Typically, single page documents are classified as a start page with a high confidence.

Individual pages in the batch are processed and given possible page classification results. These results are compared to the surrounding documents. The possible page classification results are evaluated to determine the most logical way of separating the pages into documents. For example, if a middle page is surrounded by a start and end page, it is likely that the document is a three-page document.

The following example shows how the individual pages in a batch are classified. The page classification confidence levels help determine where to separate documents, and what the final classification result should be.

Figure 1. Classified Page Confidences before Separation
An image that shows the classification confidences for each page in a batch.

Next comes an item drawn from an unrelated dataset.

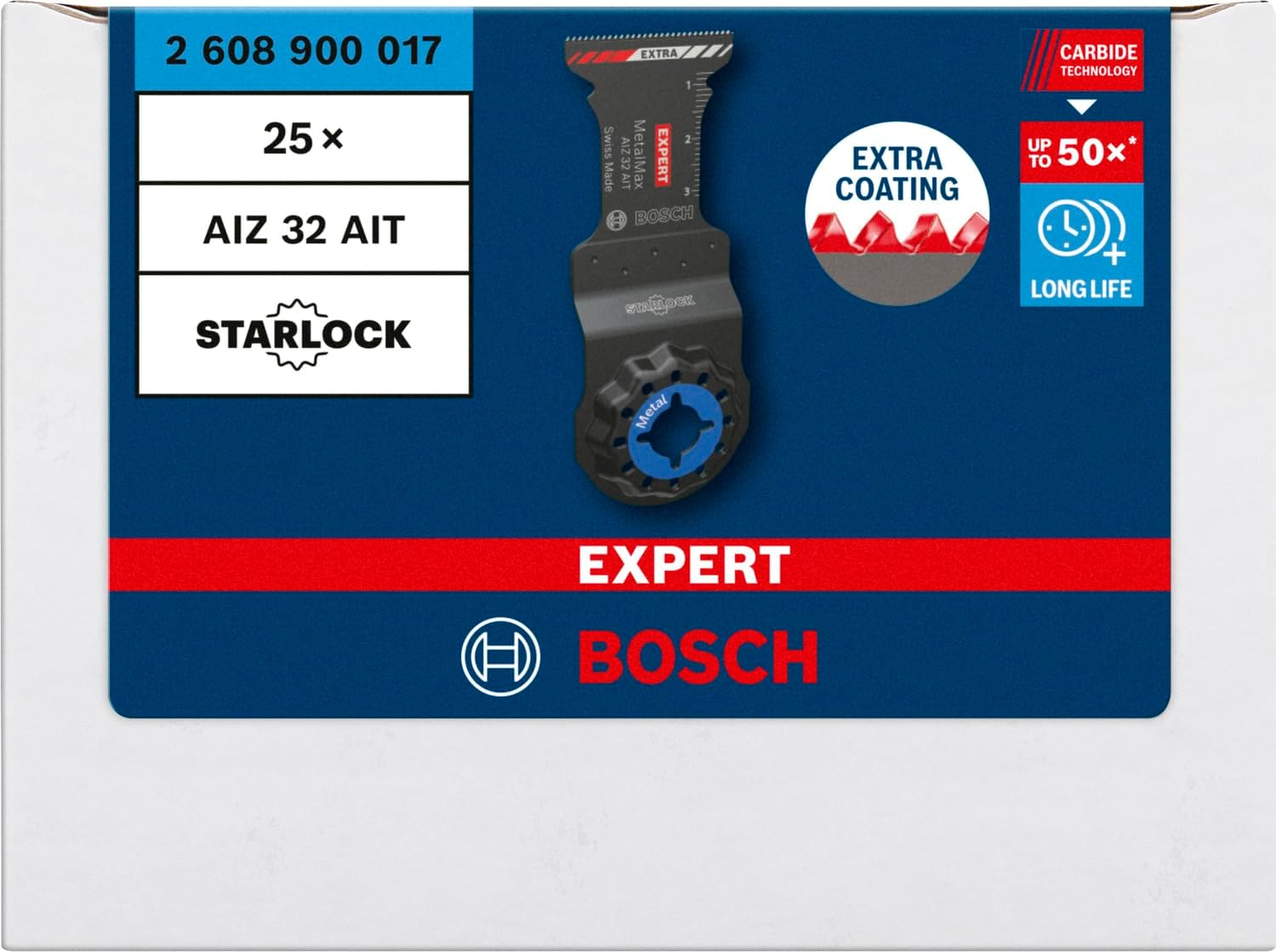  Bosch Accessories 1x Lame Pour Outil Multifonction Expert MetalMax AIZ 32 AIT (pour Acier, Acier Inoxydable, Largeur 32 Mm, Accessoire Outil Multifonction), Noir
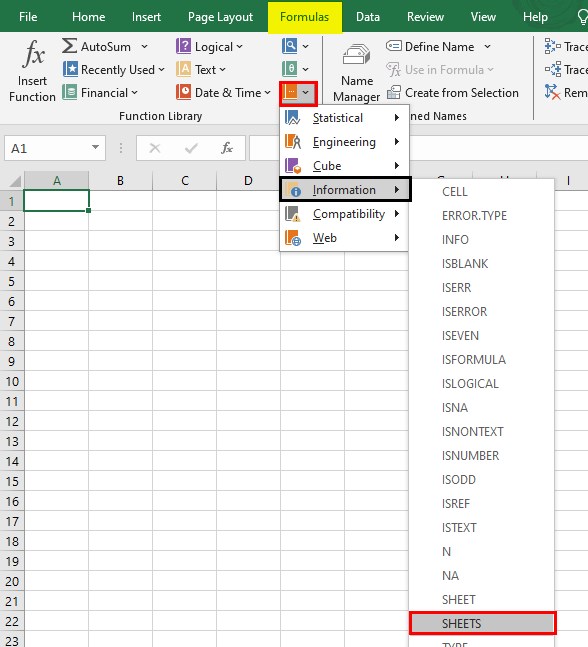 Sheets Function in Excel - Method 1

This example shows two possible classification results for the last two pages in the batch. The green path has a higher confidence value for both pages; this is the most logical way to separate the documents.

Figure 2. Final Document Separation and Classification Results
An example that shows the final document separation and classification results

The separation settings indicate that there must be at least 10% difference between the highest level of confidence and the next highest level of confidence. In this case, the fourth document can either be an Invoice_start or an Order_start. Since the confidence level of the Invoice_start page classification result is higher than the Order_start page classification result, and there is more than 10% difference between these two values, the most likely document classification result is an Invoice.

If the difference was less than 10%, a page classification conflict occurs, and the document would be displayed in Document Review so that a user could verify classification and separation.